◆ Material provided
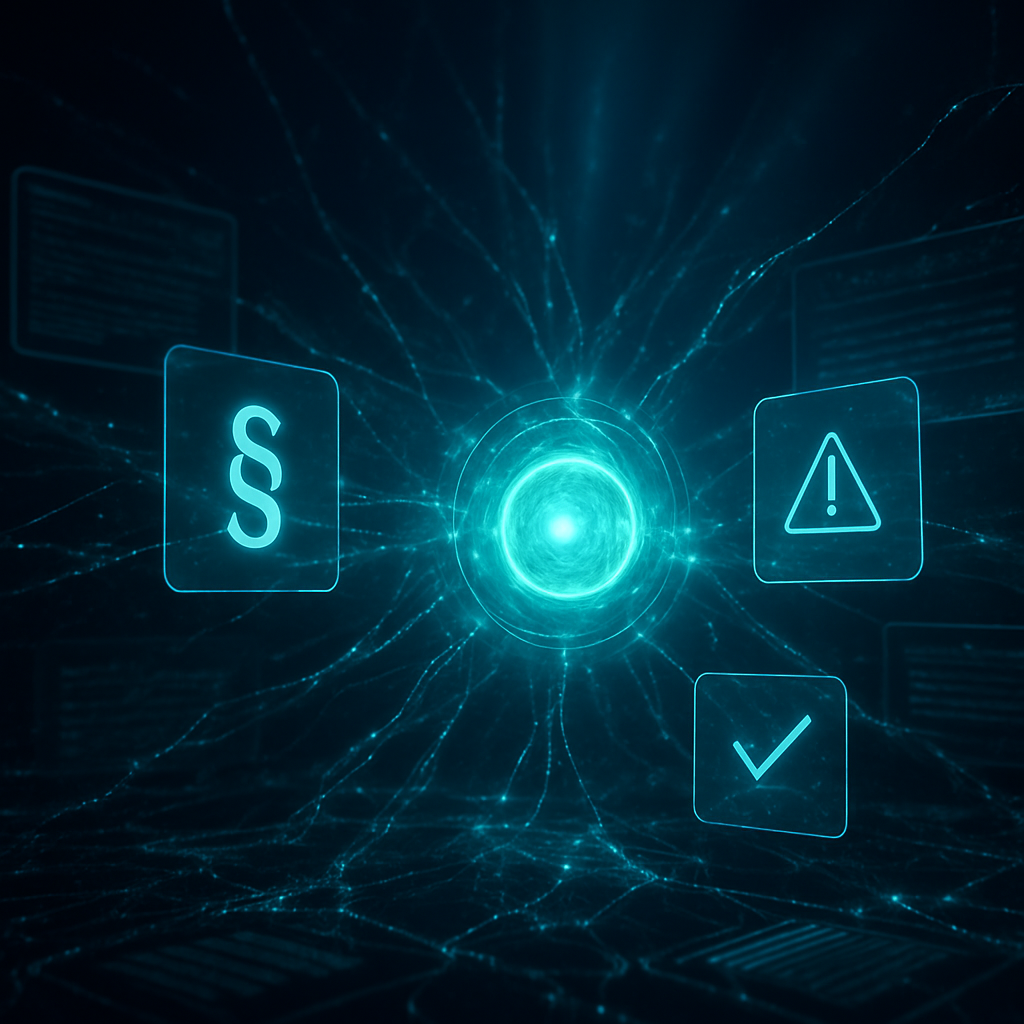Regelbasierte Analyse Engine mit Claim-Erkennung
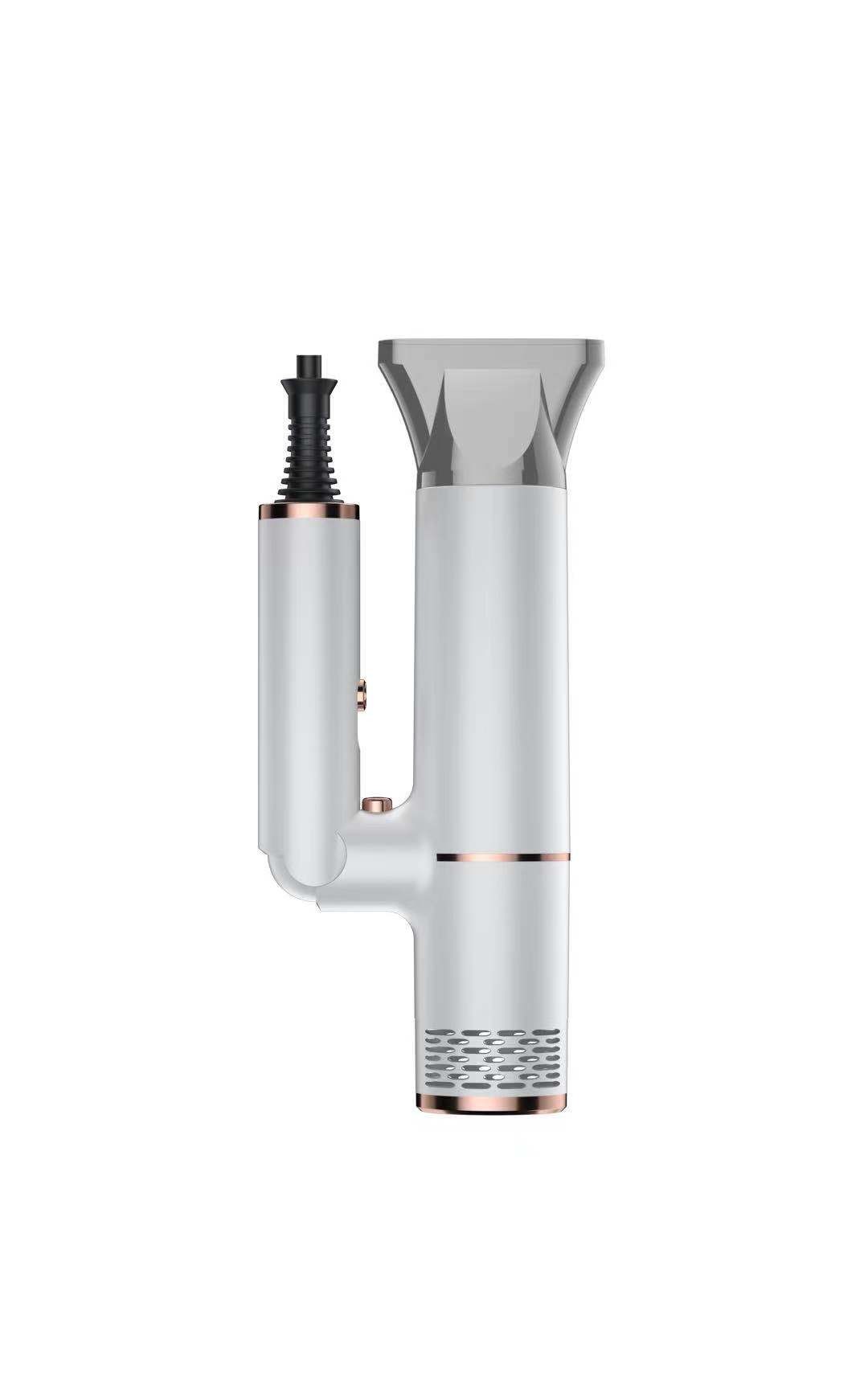 Compact Folding Handle High Speed Hair Dryer CE RoHS Certification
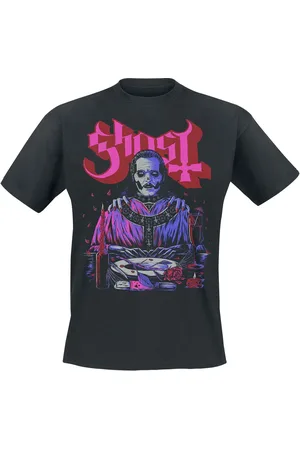 Ghost T-shirt - Be My Valentines Day - S tot XXL - voor Mannen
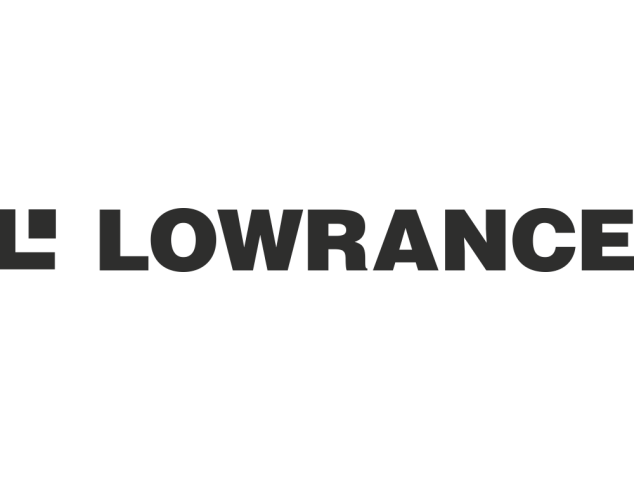 Sticker Lowrance - Bateau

◆ Aim of the exercise
What you return must match the material above exactly, minus its pictures.

◆ Solution to this exercise
Regelbasierte Analyse Engine mit Claim-Erkennung
 Compact Folding Handle High Speed Hair Dryer CE RoHS Certification
 Ghost T-shirt - Be My Valentines Day - S tot XXL - voor Mannen
 Sticker Lowrance - Bateau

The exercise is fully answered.